● What to work on
What you return should be only the lines starting at the one that contains "Zhongli in green sportswear" and running to the end of the listing, exactly as written, minus any pictures.

● Stored data

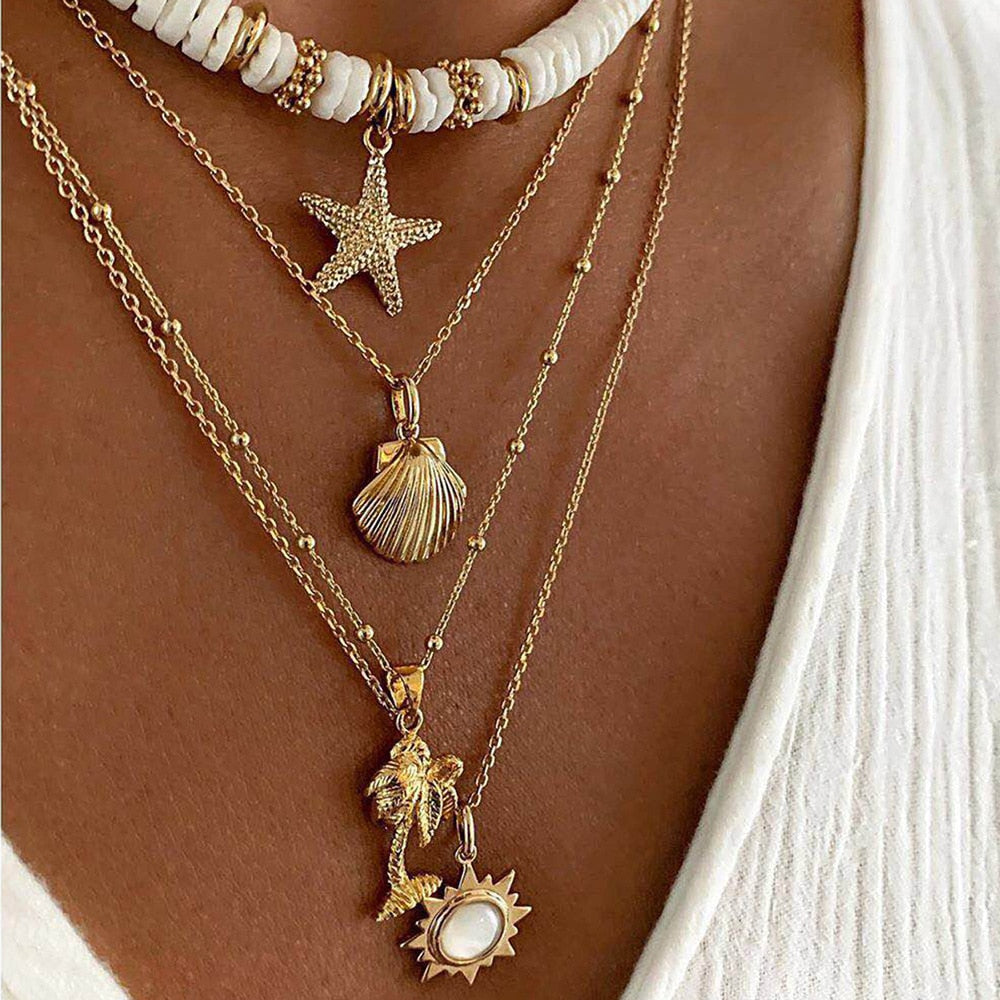 Clay Shell Star layered Necklace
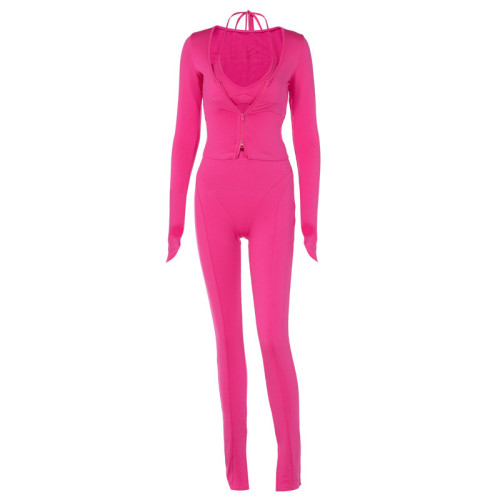 Autumn Slim Fit Solid Color Basics Three-Piece Pants Set
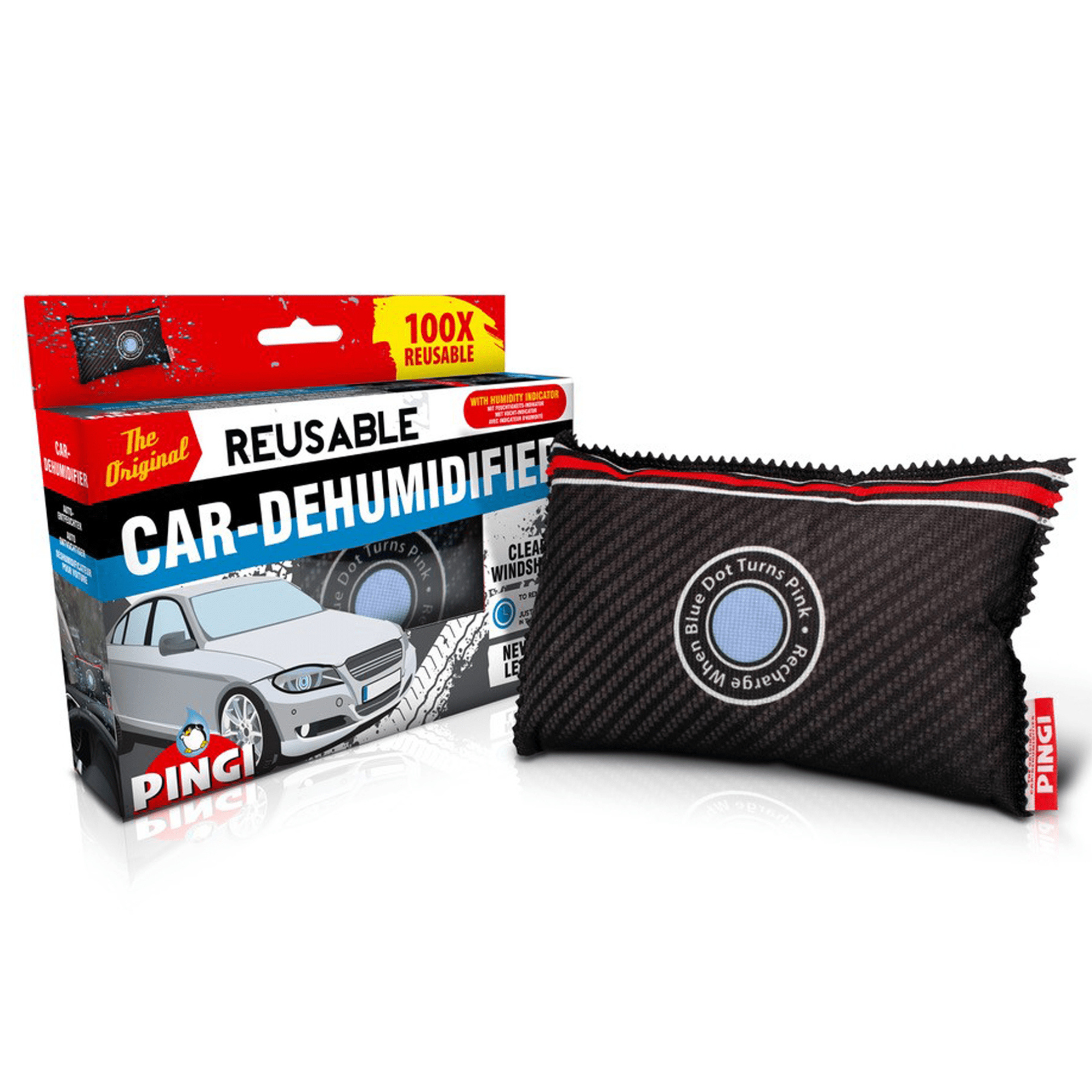 Pack of 24 Pingi reusable car dehumidifier bags designed to absorb moisture and prevent fogging inside vehicles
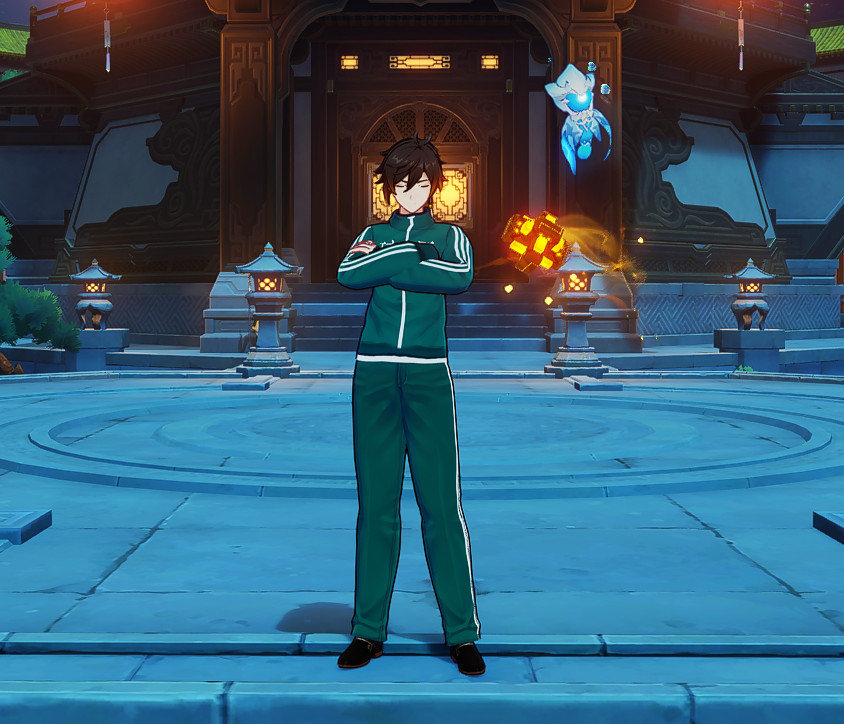 Zhongli in green sportswear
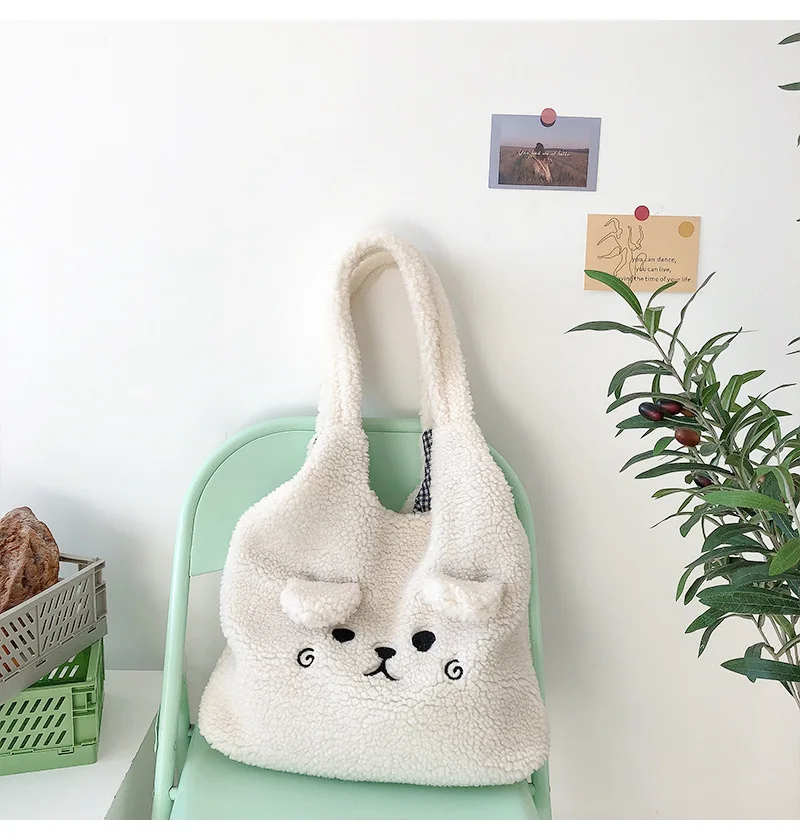 Sac À Bandoulière Polyvalent Style Japonais Mignon Ins Girl Sac D'école Transparent Sac À Pain En Peluche Étudiant Sac À Bandoulière Simple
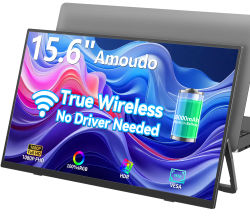 Monitor Portátil Amoudo para Teléfono Móvil, Batería de 15.6 mAh, Pantalla de 15.6 Pulgadas 1920 x P, Compatible con VESA, Monitor Portátil IPS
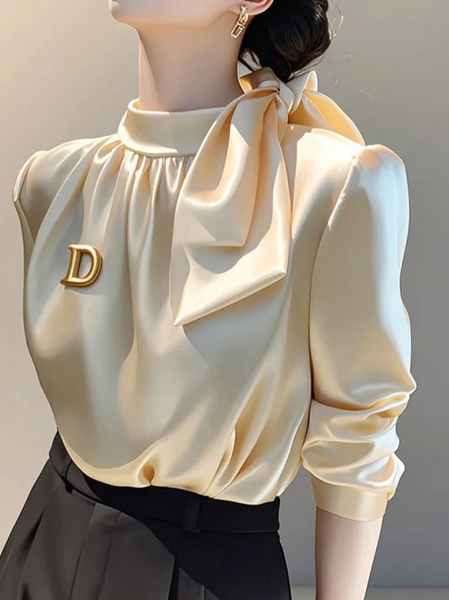 

Satin Elegant Plain Lace-up Tie Neck Blouse, Champagne, Blouses and Shirts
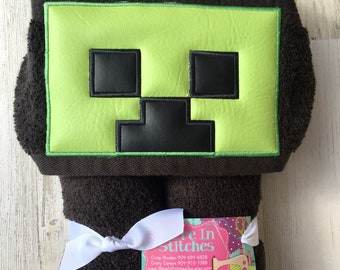 Creeper Hooded Towel Minecraft Towel Creeper Towel Minecraft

● Exercise result
 Zhongli in green sportswear
 Sac À Bandoulière Polyvalent Style Japonais Mignon Ins Girl Sac D'école Transparent Sac À Pain En Peluche Étudiant Sac À Bandoulière Simple
 Monitor Portátil Amoudo para Teléfono Móvil, Batería de 15.6 mAh, Pantalla de 15.6 Pulgadas 1920 x P, Compatible con VESA, Monitor Portátil IPS

Satin Elegant Plain Lace-up Tie Neck Blouse, Champagne, Blouses and Shirts
 Creeper Hooded Towel Minecraft Towel Creeper Towel Minecraft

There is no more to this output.